20. Daar worden dan van weerskanten muggen gezift en dui­zenden kamelen verzwolgen en de farizeeër is een soort dat nooit uitsterft; vangt men ze aan de ene kant, dan krijgen ze aan de an­dere kant des te meer ruimte en men kan doen wat men wil, maar men komt meestal van de regen in de drop.

21. De wereld wil heersen en om dit te bereiken kan ze alles gebruiken; goddelijke en wereldse wetten worden voor één karre­tje gespannen en trekken het volk in het verderf.

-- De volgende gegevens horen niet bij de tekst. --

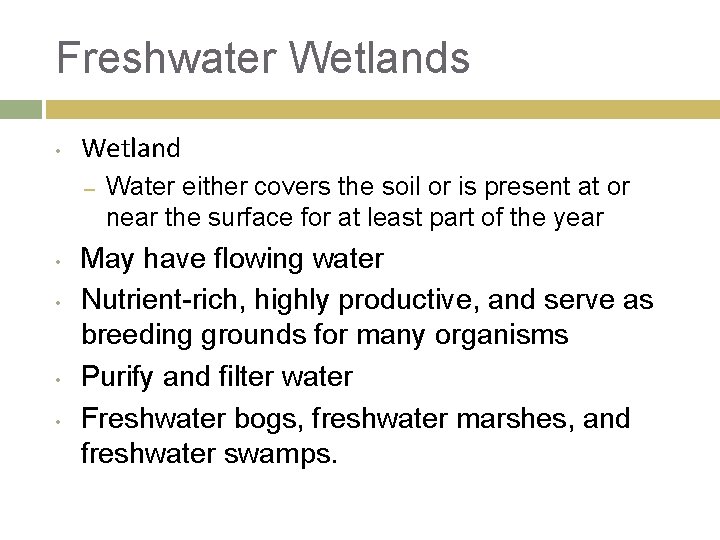 Freshwater Wetlands • Wetland – • • Water either covers the soil or is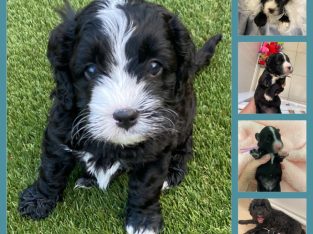Toy Cavoodle (Theodore) Puppies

22. Wat heeft het eigenlijk voor zin als een mens nog zo uiter­lijk beschaafd en staatsbekwaam is gemaakt? Wat heeft het voor nut als een staat van werelds standpunt bezien een uitstekende wetgeving heeft, als daarbij aan de hoofdzaak, waar zich al het geestelijk leven omheen beweegt, geheel geen aandacht wordt ge­schonken?

23. Ik geloof toch dat het beter zou zijn, dat iemand als een lichamelijk kreupele in het eeuwige leven binnen gaat, dan als een werelds beschaafd mens in de eeuwige dood.

24. Het is niet nodig hier meer over te zeggen. Let u daarom ook niet te veel op de muggen, maar let er liever op dat u geen kamelen verzwelgt, dan zult u het eeuwige leven verkrijgen! Amen.